Obama’s speech was one thing above all: boring. The American president must be careful that he doesn’t make himself a caricature of himself.

Barack Obama is dreaming — his American dream. He wants to go down as a successful president of the country. And he has said it himself: His days in the White House are numbered. They were just 1,276 on Wednesday.

So Obama has to deliver now. He needs to stimulate the economy. According to the prognoses, it will only recover sluggishly in the first year of his second term in office with growth of 1.7 percent. To be sure, the number of unemployed is moderately decreasing. But the jobs created are bringing those re-entering the job market only half or less of their former salary.

The ever-growing gap between poor and rich massively erodes the idea of American equal opportunity. It is not enough to again and again preach social justice. Obama knows: He must get his political opponents on board to get to the goal. The same opponents who, before Obama’s first term, made it their goal to bring about of the fall of the Democrats no matter what the cost to the American people continue to do so.

And the conservatives have already made their next trick known: They want to let him fail even more bitterly in the upcoming budget negotiations than in the previous years. Obama also knows: If the Republicans do not want to spoil everything in the midterm elections, they cannot afford to reduce themselves to the role of spoilsports. The Senate has realized that. With Republican votes, the Democrats got some bills through in the past few weeks — from immigration reform to student loans.
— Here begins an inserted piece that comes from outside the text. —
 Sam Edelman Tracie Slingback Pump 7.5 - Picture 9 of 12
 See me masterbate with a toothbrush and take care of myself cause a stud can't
Obama now wants to use this momentum to take back the reins in economic policy. But to be honest: The White House has been pitching a series of moral sermons as if it were a matter of the new Superman film.

The rhetoric is, as usual, brilliant. But the plot is insufficient, and the monologue is an old one; it is only getting longer and longer. Obama must be careful that he doesn’t make himself into a caricature of himself.

Otherwise the speech bubble will burst like his American dream.